Belfast Telegraph

DUP 'unaware' of Sinn Fein deal progressing legacy funding if no agreement in talks reached: Arlene Foster

Sinn Fein claims DUP 'aware' of deal with British Government on legacy funding

Arlene Foster
Arlene Foster
The DUP's Sir Jeffrey Donaldson said he was unaware of the deal.
Jonathan Bell

By Jonathan Bell

DUP leader Arlene Foster has said her party was not aware of a deal on inquest funding going ahead if there wasn't agreement between them and Sinn Fein on getting the Stormont institutions back up and running.

It comes after Sinn Fein claimed a deal was done on securing legacy funding with the British Government and of which the DUP leadership was aware.

In a statement, Arlene Foster said: "No one in the DUP was aware of inquest funding being progressed in the absence of an overall agreement or a decision to advance all elements of the Stormont House Agreement.

"It would be astonishing if the Government granted funding for legacy inquests in the absence of an overall agreement to progress all elements of the Stormont House Agreement.

"It is a matter of public record that Sinn Fein has been talking to the Government about progressing legacy inquest funding.  I was aware of this during the Talks.
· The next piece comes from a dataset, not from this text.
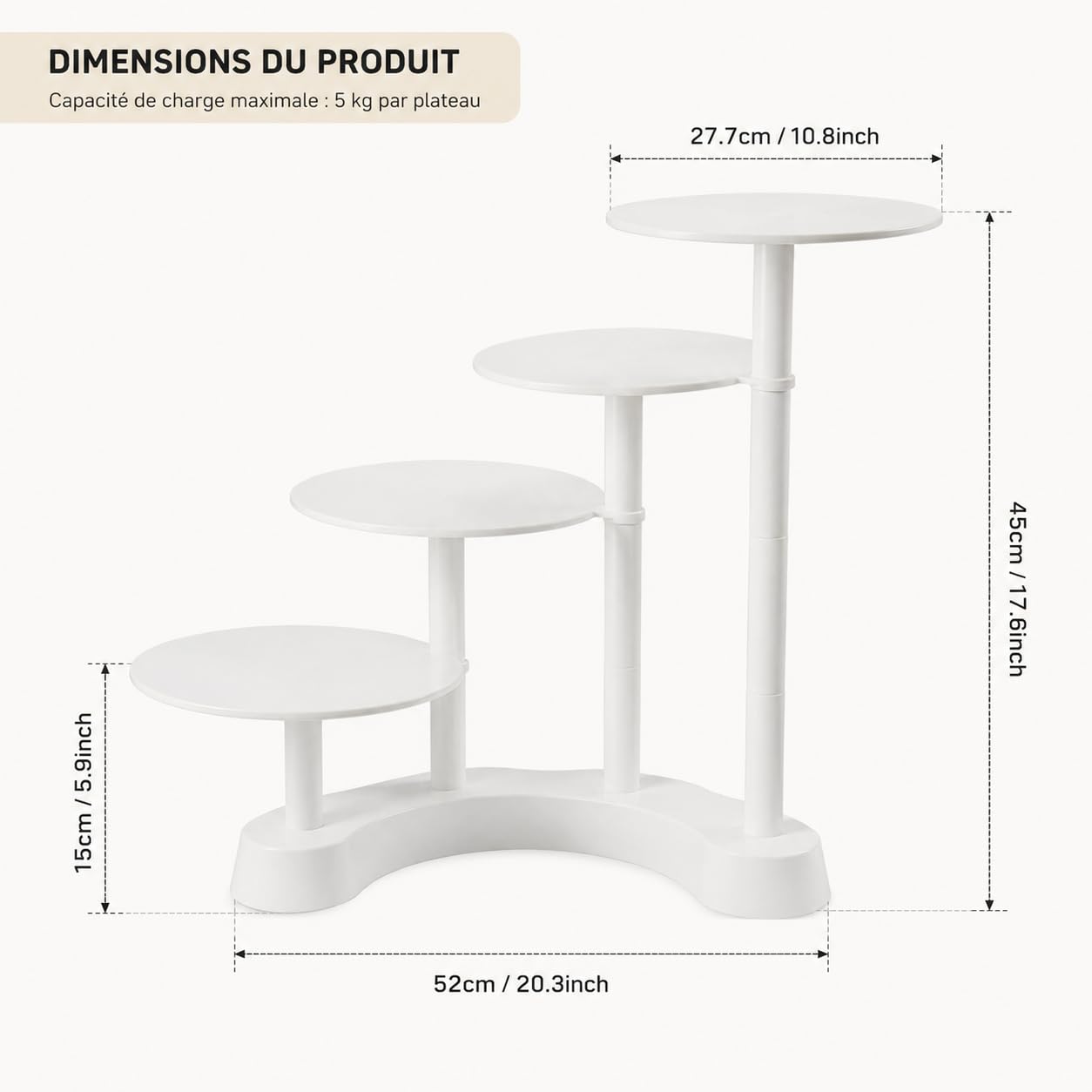 Soporte para tartas de plástico, 4 niveles, soporte modular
We were also talking to the Government about matters of importance to us.

"I will be raising this matter with the Secretary of State.”

On Thursday evening's BBC The View programme Sinn Fein's Gerry Kelly said funding for inquests for Troubles killings was agreed with UK government officials.

The Government, however, has said talks with the parties were based on them reaching an agreement.

Mr Kelly also claimed the deal would have omitted any statute of limitations to curb security force prosecutions.

The policing and justice spokesman said he had proof of his party's agreement with the government to release inquest funding and wanted to see it implemented.

The DUP's Sir Jeffrey Donaldson said he was unaware of the deal.
The DUP's Sir Jeffrey Donaldson said he was unaware of the deal.

"There are victims and survivors waiting, some of them over 45-46 years, give them some respite," he said.

Senior judges have called on funding to be provided in order to allow them to complete the proceedings.

During the programme, however, the DUP's justice spokesman Sir Jeffrey Donaldson said he was "unaware" of the deal.

On Friday morning, Sinn Fein's Declan Kearney insisted the DUP leadership knew of the talks on the matter.

He said: "The DUP leader Arlene Foster and the negotiation team did know that this agreement had been made with the British Government.

"The Irish government were cited upon the agreement between Sinn Fein and the British Government that the legacy funding should be released."

A UK Government spokesperson added: "All discussions with parties were in the context of how the UK Government would respond in the event of an agreement.

"Regrettably there was no agreement. This Government has set out clear commitments to take forward the Stormont House Agreement legacy institutions, and to support inquest reform.

"As Secretary of State made clear on Tuesday, she will be consulting on how to implement Stormont House legacy institutions as soon as possible. The Government announced, in 2014, £150 million to support legacy reform in Northern Ireland."